For the data below, transcribe the part that opens with the line containing "Above the panels, there" and closes with the line containing "16 Oct 1988: Running", exactly and with no pictures.

**** Recorded data

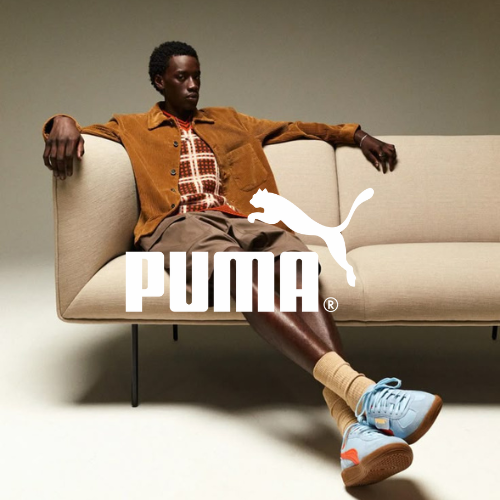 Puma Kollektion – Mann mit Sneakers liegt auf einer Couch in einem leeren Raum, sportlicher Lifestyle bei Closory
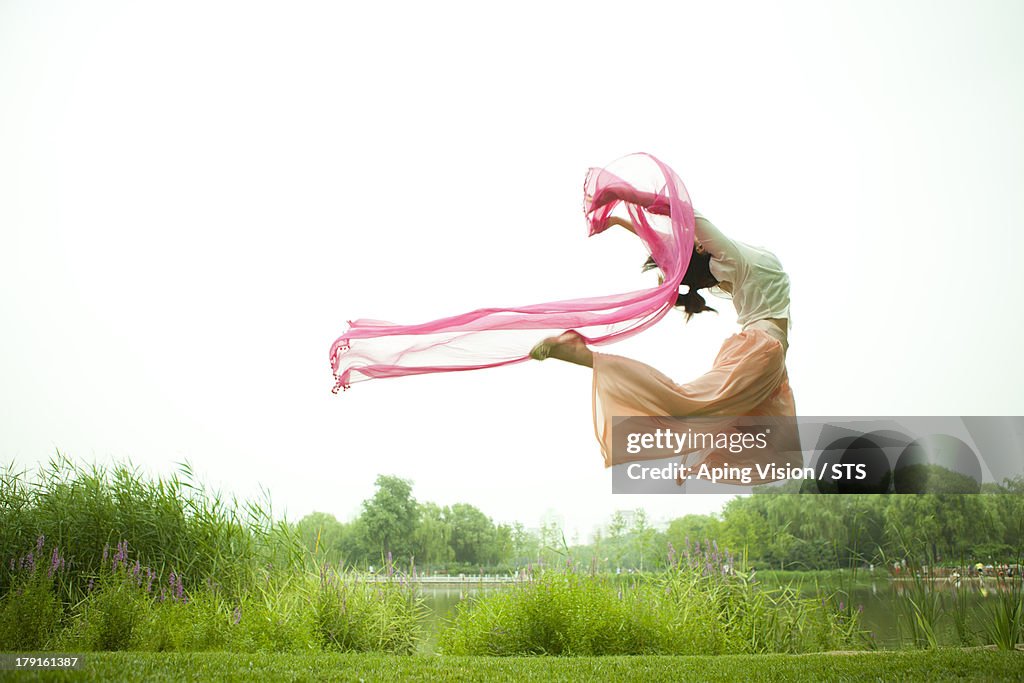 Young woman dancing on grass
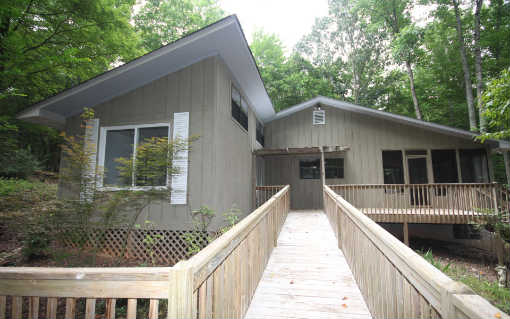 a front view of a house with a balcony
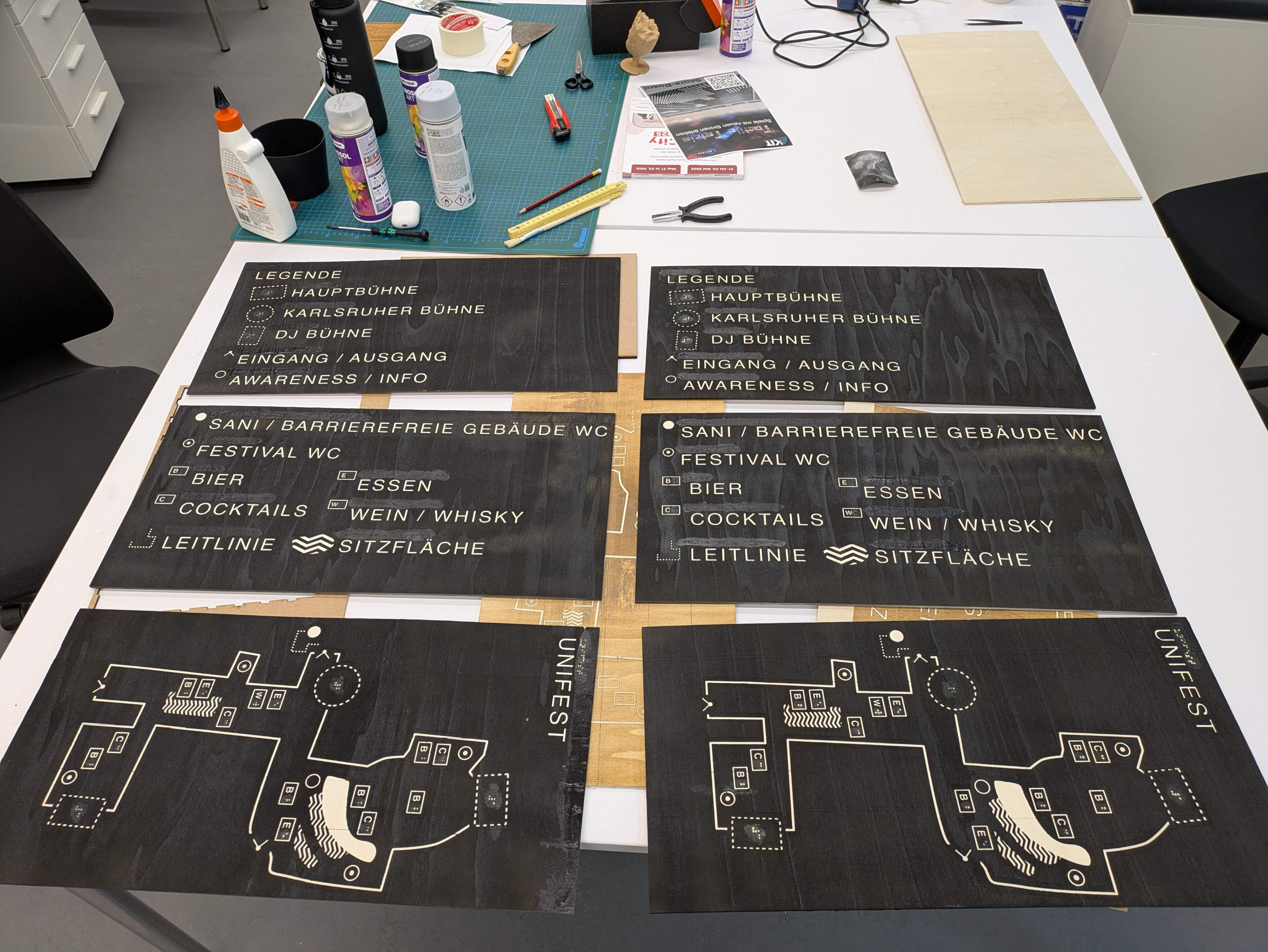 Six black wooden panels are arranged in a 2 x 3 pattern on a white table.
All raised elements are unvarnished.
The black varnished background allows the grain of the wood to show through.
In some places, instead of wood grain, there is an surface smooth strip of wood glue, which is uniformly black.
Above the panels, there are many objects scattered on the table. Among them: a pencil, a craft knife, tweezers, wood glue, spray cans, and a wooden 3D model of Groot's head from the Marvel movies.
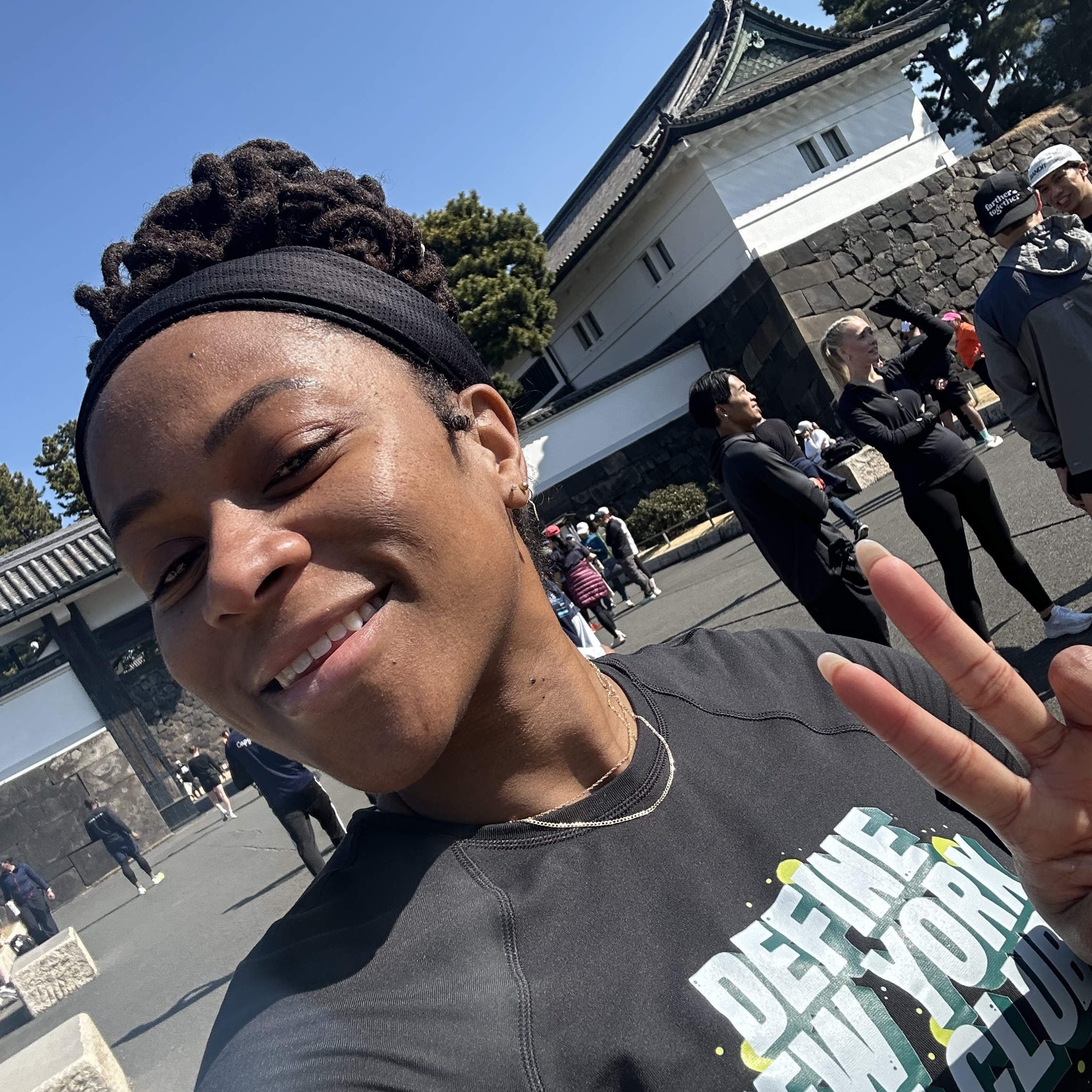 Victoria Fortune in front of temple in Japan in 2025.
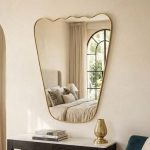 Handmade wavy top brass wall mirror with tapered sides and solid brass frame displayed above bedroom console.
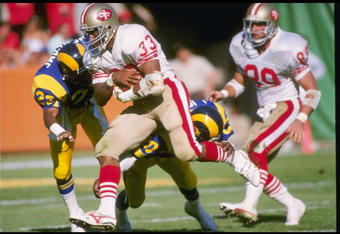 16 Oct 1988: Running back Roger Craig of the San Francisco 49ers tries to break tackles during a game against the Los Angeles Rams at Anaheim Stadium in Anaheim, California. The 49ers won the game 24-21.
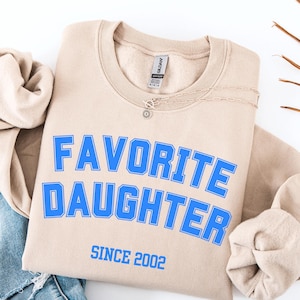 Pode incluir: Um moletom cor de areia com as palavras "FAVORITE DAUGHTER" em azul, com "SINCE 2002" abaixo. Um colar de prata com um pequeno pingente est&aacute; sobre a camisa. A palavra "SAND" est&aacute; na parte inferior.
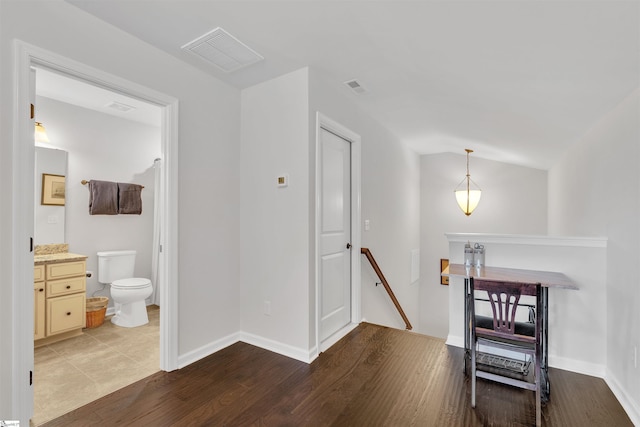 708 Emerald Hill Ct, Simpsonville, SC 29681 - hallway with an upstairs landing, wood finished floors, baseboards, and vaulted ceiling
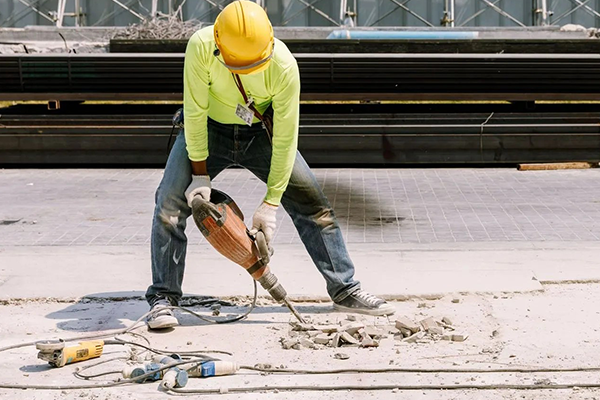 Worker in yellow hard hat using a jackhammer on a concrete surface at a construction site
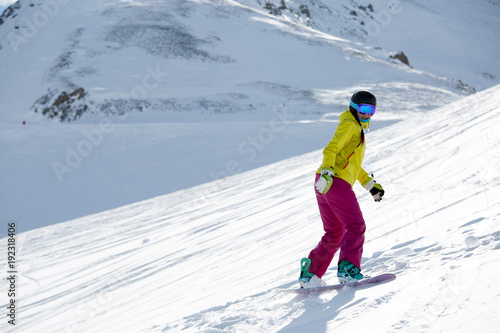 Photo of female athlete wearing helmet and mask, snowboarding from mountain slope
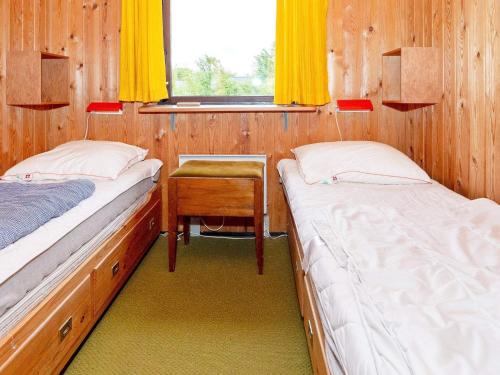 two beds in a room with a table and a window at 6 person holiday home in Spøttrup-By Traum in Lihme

********

Answer space ::
Above the panels, there are many objects scattered on the table. Among them: a pencil, a craft knife, tweezers, wood glue, spray cans, and a wooden 3D model of Groot's head from the Marvel movies.
 Victoria Fortune in front of temple in Japan in 2025.
 Handmade wavy top brass wall mirror with tapered sides and solid brass frame displayed above bedroom console.
 16 Oct 1988: Running back Roger Craig of the San Francisco 49ers tries to break tackles during a game against the Los Angeles Rams at Anaheim Stadium in Anaheim, California. The 49ers won the game 24-21.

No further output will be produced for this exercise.